↓↓↓

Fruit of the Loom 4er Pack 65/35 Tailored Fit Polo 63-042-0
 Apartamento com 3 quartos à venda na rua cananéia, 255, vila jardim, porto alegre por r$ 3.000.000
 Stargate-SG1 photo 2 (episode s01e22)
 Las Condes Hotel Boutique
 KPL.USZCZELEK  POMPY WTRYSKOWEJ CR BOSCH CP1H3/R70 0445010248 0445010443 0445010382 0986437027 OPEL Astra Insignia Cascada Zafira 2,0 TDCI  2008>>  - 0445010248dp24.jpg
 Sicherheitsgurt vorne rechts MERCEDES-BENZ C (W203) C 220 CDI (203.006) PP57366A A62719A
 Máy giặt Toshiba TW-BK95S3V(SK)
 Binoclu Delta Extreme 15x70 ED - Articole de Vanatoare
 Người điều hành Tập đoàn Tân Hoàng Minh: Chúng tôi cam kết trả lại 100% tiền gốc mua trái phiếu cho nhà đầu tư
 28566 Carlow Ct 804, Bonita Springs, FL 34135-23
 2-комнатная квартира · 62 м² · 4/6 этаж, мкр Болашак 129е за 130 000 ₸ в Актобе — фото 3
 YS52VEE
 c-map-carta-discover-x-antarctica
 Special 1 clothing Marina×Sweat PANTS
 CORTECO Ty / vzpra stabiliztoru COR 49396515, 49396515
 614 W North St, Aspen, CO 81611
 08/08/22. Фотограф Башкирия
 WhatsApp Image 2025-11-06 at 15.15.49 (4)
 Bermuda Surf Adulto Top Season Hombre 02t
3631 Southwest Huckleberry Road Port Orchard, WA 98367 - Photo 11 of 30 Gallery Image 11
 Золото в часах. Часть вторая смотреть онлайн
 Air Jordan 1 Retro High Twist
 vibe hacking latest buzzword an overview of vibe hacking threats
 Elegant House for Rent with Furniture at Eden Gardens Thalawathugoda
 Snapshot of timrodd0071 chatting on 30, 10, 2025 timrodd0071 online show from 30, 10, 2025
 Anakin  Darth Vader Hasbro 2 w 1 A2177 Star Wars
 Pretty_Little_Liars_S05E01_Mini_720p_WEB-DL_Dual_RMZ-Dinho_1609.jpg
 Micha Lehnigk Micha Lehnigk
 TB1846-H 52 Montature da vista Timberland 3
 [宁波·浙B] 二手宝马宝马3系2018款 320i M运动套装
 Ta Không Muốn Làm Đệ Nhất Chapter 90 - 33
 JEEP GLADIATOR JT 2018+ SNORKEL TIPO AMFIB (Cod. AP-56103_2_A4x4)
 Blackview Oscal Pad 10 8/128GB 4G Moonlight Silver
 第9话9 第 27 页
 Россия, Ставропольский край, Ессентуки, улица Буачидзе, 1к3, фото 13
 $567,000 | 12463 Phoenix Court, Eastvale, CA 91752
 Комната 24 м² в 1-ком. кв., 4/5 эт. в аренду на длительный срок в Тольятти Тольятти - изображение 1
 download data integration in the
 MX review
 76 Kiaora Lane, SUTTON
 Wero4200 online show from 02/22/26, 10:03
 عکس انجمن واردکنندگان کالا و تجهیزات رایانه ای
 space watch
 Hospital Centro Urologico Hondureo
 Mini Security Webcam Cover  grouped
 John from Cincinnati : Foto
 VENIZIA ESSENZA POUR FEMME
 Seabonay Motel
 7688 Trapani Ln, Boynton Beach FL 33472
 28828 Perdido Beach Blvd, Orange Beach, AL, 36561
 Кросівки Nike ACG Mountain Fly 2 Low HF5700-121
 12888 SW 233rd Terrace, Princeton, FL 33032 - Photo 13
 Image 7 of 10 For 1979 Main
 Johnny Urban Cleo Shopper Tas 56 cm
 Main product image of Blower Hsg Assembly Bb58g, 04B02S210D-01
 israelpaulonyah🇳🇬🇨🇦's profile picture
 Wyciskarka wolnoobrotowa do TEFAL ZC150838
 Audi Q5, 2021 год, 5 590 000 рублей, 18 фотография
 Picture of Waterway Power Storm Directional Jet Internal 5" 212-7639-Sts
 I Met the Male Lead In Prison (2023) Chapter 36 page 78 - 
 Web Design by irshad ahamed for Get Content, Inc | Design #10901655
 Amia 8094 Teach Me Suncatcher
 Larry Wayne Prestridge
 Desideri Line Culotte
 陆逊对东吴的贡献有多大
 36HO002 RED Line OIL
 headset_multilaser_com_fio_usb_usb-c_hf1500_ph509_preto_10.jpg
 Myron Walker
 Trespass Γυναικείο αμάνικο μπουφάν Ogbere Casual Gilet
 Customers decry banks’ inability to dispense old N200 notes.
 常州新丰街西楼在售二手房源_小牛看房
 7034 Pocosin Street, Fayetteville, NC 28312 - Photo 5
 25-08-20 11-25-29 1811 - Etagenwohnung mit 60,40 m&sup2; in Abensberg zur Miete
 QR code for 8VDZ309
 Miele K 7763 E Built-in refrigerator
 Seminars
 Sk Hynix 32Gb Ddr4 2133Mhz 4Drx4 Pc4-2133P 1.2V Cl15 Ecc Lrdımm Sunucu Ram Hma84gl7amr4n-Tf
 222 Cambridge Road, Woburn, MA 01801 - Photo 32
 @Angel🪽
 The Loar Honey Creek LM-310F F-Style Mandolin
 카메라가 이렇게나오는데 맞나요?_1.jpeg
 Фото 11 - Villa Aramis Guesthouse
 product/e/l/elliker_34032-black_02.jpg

↑↑↑

Write the material out again word for word.

▶ _TASK ANSWER_:
Fruit of the Loom 4er Pack 65/35 Tailored Fit Polo 63-042-0
 Apartamento com 3 quartos à venda na rua cananéia, 255, vila jardim, porto alegre por r$ 3.000.000
 Stargate-SG1 photo 2 (episode s01e22)
 Las Condes Hotel Boutique
 KPL.USZCZELEK  POMPY WTRYSKOWEJ CR BOSCH CP1H3/R70 0445010248 0445010443 0445010382 0986437027 OPEL Astra Insignia Cascada Zafira 2,0 TDCI  2008>>  - 0445010248dp24.jpg
 Sicherheitsgurt vorne rechts MERCEDES-BENZ C (W203) C 220 CDI (203.006) PP57366A A62719A
 Máy giặt Toshiba TW-BK95S3V(SK)
 Binoclu Delta Extreme 15x70 ED - Articole de Vanatoare
 Người điều hành Tập đoàn Tân Hoàng Minh: Chúng tôi cam kết trả lại 100% tiền gốc mua trái phiếu cho nhà đầu tư
 28566 Carlow Ct 804, Bonita Springs, FL 34135-23
 2-комнатная квартира · 62 м² · 4/6 этаж, мкр Болашак 129е за 130 000 ₸ в Актобе — фото 3
 YS52VEE
 c-map-carta-discover-x-antarctica
 Special 1 clothing Marina×Sweat PANTS
 CORTECO Ty / vzpra stabiliztoru COR 49396515, 49396515
 614 W North St, Aspen, CO 81611
 08/08/22. Фотограф Башкирия
 WhatsApp Image 2025-11-06 at 15.15.49 (4)
 Bermuda Surf Adulto Top Season Hombre 02t
3631 Southwest Huckleberry Road Port Orchard, WA 98367 - Photo 11 of 30 Gallery Image 11
 Золото в часах. Часть вторая смотреть онлайн
 Air Jordan 1 Retro High Twist
 vibe hacking latest buzzword an overview of vibe hacking threats
 Elegant House for Rent with Furniture at Eden Gardens Thalawathugoda
 Snapshot of timrodd0071 chatting on 30, 10, 2025 timrodd0071 online show from 30, 10, 2025
 Anakin  Darth Vader Hasbro 2 w 1 A2177 Star Wars
 Pretty_Little_Liars_S05E01_Mini_720p_WEB-DL_Dual_RMZ-Dinho_1609.jpg
 Micha Lehnigk Micha Lehnigk
 TB1846-H 52 Montature da vista Timberland 3
 [宁波·浙B] 二手宝马宝马3系2018款 320i M运动套装
 Ta Không Muốn Làm Đệ Nhất Chapter 90 - 33
 JEEP GLADIATOR JT 2018+ SNORKEL TIPO AMFIB (Cod. AP-56103_2_A4x4)
 Blackview Oscal Pad 10 8/128GB 4G Moonlight Silver
 第9话9 第 27 页
 Россия, Ставропольский край, Ессентуки, улица Буачидзе, 1к3, фото 13
 $567,000 | 12463 Phoenix Court, Eastvale, CA 91752
 Комната 24 м² в 1-ком. кв., 4/5 эт. в аренду на длительный срок в Тольятти Тольятти - изображение 1
 download data integration in the
 MX review
 76 Kiaora Lane, SUTTON
 Wero4200 online show from 02/22/26, 10:03
 عکس انجمن واردکنندگان کالا و تجهیزات رایانه ای
 space watch
 Hospital Centro Urologico Hondureo
 Mini Security Webcam Cover  grouped
 John from Cincinnati : Foto
 VENIZIA ESSENZA POUR FEMME
 Seabonay Motel
 7688 Trapani Ln, Boynton Beach FL 33472
 28828 Perdido Beach Blvd, Orange Beach, AL, 36561
 Кросівки Nike ACG Mountain Fly 2 Low HF5700-121
 12888 SW 233rd Terrace, Princeton, FL 33032 - Photo 13
 Image 7 of 10 For 1979 Main
 Johnny Urban Cleo Shopper Tas 56 cm
 Main product image of Blower Hsg Assembly Bb58g, 04B02S210D-01
 israelpaulonyah🇳🇬🇨🇦's profile picture
 Wyciskarka wolnoobrotowa do TEFAL ZC150838
 Audi Q5, 2021 год, 5 590 000 рублей, 18 фотография
 Picture of Waterway Power Storm Directional Jet Internal 5" 212-7639-Sts
 I Met the Male Lead In Prison (2023) Chapter 36 page 78 - 
 Web Design by irshad ahamed for Get Content, Inc | Design #10901655
 Amia 8094 Teach Me Suncatcher
 Larry Wayne Prestridge
 Desideri Line Culotte
 陆逊对东吴的贡献有多大
 36HO002 RED Line OIL
 headset_multilaser_com_fio_usb_usb-c_hf1500_ph509_preto_10.jpg
 Myron Walker
 Trespass Γυναικείο αμάνικο μπουφάν Ogbere Casual Gilet
 Customers decry banks’ inability to dispense old N200 notes.
 常州新丰街西楼在售二手房源_小牛看房
 7034 Pocosin Street, Fayetteville, NC 28312 - Photo 5
 25-08-20 11-25-29 1811 - Etagenwohnung mit 60,40 m&sup2; in Abensberg zur Miete
 QR code for 8VDZ309
 Miele K 7763 E Built-in refrigerator
 Seminars
 Sk Hynix 32Gb Ddr4 2133Mhz 4Drx4 Pc4-2133P 1.2V Cl15 Ecc Lrdımm Sunucu Ram Hma84gl7amr4n-Tf
 222 Cambridge Road, Woburn, MA 01801 - Photo 32
 @Angel🪽
 The Loar Honey Creek LM-310F F-Style Mandolin
 카메라가 이렇게나오는데 맞나요?_1.jpeg
 Фото 11 - Villa Aramis Guesthouse
 product/e/l/elliker_34032-black_02.jpg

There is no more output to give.